Devil May Care: Campos Composes Heady Southern Gothic
For his fourth feature film The Devil All the Time, based on the 2011 novel by Donald Ray Pollock (who is on hand as a guiding omniscient narrator), director Antonio Campos aims for something more ambitious with a sprawling Southern Gothic saga, intersecting three distinct storylines spanning eight years infected by turbulent events. Southern Ohio and West Virginia become the backwoods foreground for a tale of violence, trauma, and virulent corruption from both the law and the pulpit with a dizzying set of connected characters.
Its existence as a two-and-a-half-hour narrative which is cohesive, compelling and at times repulsive is a feat, though there is enough material to justify an expansive mini-series. A formidable cast, all utilized effectively, is another near-impossible achievement, almost enough to overlook how Campos skirts the narrative away from its true lurid, nihilistic potential.

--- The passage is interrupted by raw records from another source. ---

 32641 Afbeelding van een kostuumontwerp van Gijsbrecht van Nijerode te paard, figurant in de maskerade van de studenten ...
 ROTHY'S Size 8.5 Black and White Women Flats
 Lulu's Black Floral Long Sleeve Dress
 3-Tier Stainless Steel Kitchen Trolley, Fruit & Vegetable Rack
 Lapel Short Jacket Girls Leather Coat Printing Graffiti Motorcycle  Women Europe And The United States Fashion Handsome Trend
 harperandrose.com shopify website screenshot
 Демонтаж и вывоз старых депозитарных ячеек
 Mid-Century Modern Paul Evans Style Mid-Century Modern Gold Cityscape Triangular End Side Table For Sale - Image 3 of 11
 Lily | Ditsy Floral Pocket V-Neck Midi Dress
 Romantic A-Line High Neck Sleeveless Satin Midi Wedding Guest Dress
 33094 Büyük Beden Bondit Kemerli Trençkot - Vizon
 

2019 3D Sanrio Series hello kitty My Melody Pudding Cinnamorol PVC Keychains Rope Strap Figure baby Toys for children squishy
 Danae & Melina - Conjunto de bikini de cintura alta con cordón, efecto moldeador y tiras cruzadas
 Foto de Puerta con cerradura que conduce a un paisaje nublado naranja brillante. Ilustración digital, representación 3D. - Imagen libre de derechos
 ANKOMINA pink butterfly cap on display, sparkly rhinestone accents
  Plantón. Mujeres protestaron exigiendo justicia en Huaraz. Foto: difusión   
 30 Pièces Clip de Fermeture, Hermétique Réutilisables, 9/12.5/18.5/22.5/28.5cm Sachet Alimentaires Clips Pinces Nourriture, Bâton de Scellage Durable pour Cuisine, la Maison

In the backwoods of 1957 Knockemstiff, Ohio, WWII veteran Willard (Bill Skarsgard) decides to settle down. Plagued by memories of the war, he meets his future wife Charlotte (Haley Bennett) in the local diner, which revitalizes his zest for life (and dependence on religion), though his mother had desired for him to marry the pious town orphan/pariah Helen (Mia Wasikowska). Sandy (Riley Keough), sister of local cop Lee Bodecker (Sebastian Stan), gunning to be elected as the town Sheriff, works alongside the kindly Charlotte. Sandy also meets her future husband Carl Henderson (Jason Clarke) in the same fashion. Life is initially tranquil. Willard and Charlotte have their son Arvin and buy a home, while Helen marries local revivalist preacher Roy Laferty (Harry Melling), giving birth to daughter Lenora. But cancer creeps into Charlotte’s body, and when a tragedy also befalls Helen, these twin ripple effects echo through time, poisoning the future. In 1965, when orphans Arvin (Tom Holland) and Lenora (Eliza Scanlan) have grown up together under his grandmother’s roof, the violence shrouding their lives returns when the Reverend Preston Teagardin (Robert Pattinson), a handsome charlatan, comes to town.
The Devil All the Time plays like Bret Easton Ellis attempting to navigate William Faulkner, a coterie of grotesque humans converging across a brief yawn of dysfunctional intergenerational conflicts doomed for a crash course. A broad overview might suggest it’s a study of how America grew into a continually warped perversion of corrupt systems hiding behind the eternal façade of religion, the fractured humans lurking behind it the result of historical trauma inflicted upon the lost generation, whose men returned from WWII anguished and vulnerable without proper care or beneficial outlets to heal themselves. The inheritance of a Luger, a German pistol brought back from the war, which fired a fateful bullet in a mercy killing, returns to exact vengeance and retribution, sealing the fate of our protagonist and simultaneously ending a murderous rampage. Rather than a McGuffin, it’s a metaphor for what’s actually passed down between generations of white America.
Tom Holland is a standout as the sympathetic Arvin, navigating the difficult balance of lost innocence whisked towards a devious fate which lends the narrative an air of a Southern Fried Greek tragedy. Shot by Lol Crowley (Dau; Vox Lux; 45 Years), the look of the film juxtaposes the changing landscapes of the late 1950s vs. the mid 1960s, although there’s a lack of sweltering, sweaty tawdriness suggested by such proceedings. One wishes for a bit of some good ole’ Tennessee Williams hysteria in the dialogue, as only Robert Pattinson’s diabolical Rev. Teagardin broaches such energies (his sputtering of “Delusions!” from his pulpit is a definite highlight), an odd-casting choice not unlike Marlon Brando in the lead of 1960’s The Fugitive Kind.
Casting remains a strange curiosity of the film, with nearly all principal cast members being either British or Australian, all (somewhat) avoiding any obvious distractions to this fact. The 1957 opening lays the groundwork for the eventual intersections, presenting a strange world of the dangerousness of religion on uneducated minds and its ability to create supreme mania.
The chilly segue into the warped world of the Henderson’s gives Riley Keough one of her best roles in a continual string of macabre material (like the recent The Lodge or her grisly demise in The House That Jack Built), but one wishes a more extensive running time would have allowed for some more characterization of this troubling couple, such as their motivations and segue into normalized madness. What happens to them and the legacy of their crimes becomes nearly muted when stacked against the superior character work of the multitudinous competing tangents.
By the time we get to Holland and Eliza Scanlan as the grown orphans set to inherit nothing but the wind, Campos segues into a sort of fantastic sequel to something like The Night of the Hunter (1955). Strange, violent and justifiably messy considering the murky environment in which the narrative is trapped, The Devil All the Time is an impressive segue from the maudlin (meant as a compliment), intimate parameters defining early works like Afterschool (2008), the vibrant Simon Killer (2012) and the sublimely potent 2016 film Christine (read review).